## Goal of the exercise
All lines from the one with "Custom Size Flower" through the end of the records below are to be given again exactly, and nothing else.

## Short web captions
• • • •
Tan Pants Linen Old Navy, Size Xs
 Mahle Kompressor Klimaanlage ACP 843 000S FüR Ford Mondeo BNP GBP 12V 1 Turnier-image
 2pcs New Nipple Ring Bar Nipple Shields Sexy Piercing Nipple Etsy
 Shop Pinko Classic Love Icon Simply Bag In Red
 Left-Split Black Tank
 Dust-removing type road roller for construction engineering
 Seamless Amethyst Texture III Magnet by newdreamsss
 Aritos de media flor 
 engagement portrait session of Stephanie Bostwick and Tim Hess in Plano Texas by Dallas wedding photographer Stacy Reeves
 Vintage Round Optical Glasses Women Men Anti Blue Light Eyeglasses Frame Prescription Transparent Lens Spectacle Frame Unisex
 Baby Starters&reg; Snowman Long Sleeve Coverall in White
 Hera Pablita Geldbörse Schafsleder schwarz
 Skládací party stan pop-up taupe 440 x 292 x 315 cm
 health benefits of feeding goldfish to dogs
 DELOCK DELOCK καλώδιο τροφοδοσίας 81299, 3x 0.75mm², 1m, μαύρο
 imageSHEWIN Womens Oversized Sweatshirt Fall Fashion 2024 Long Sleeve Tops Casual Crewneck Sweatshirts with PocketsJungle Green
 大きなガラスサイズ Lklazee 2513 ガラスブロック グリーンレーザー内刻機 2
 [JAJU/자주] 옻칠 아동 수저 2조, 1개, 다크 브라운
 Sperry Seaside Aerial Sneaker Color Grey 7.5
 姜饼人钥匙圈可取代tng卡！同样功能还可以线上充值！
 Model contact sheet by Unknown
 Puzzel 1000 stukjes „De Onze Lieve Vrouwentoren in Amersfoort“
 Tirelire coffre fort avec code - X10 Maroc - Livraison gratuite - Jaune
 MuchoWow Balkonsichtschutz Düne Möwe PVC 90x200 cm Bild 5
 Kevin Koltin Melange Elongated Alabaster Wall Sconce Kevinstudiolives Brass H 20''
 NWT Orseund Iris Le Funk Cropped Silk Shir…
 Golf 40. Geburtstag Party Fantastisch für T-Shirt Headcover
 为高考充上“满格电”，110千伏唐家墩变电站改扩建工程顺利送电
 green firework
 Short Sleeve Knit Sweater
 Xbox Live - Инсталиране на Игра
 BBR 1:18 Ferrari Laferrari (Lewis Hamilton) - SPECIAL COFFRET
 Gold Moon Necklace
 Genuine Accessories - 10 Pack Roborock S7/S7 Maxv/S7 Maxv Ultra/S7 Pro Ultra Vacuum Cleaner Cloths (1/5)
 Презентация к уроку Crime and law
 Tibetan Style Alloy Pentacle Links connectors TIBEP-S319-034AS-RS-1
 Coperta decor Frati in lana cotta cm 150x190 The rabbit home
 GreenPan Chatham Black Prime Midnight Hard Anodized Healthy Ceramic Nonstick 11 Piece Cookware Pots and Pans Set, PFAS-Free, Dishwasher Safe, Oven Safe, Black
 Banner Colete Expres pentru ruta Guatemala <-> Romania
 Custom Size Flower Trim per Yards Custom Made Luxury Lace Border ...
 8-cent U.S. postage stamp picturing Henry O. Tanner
• • • •
## Solution to this exercise
 Custom Size Flower Trim per Yards Custom Made Luxury Lace Border ...
 8-cent U.S. postage stamp picturing Henry O. Tanner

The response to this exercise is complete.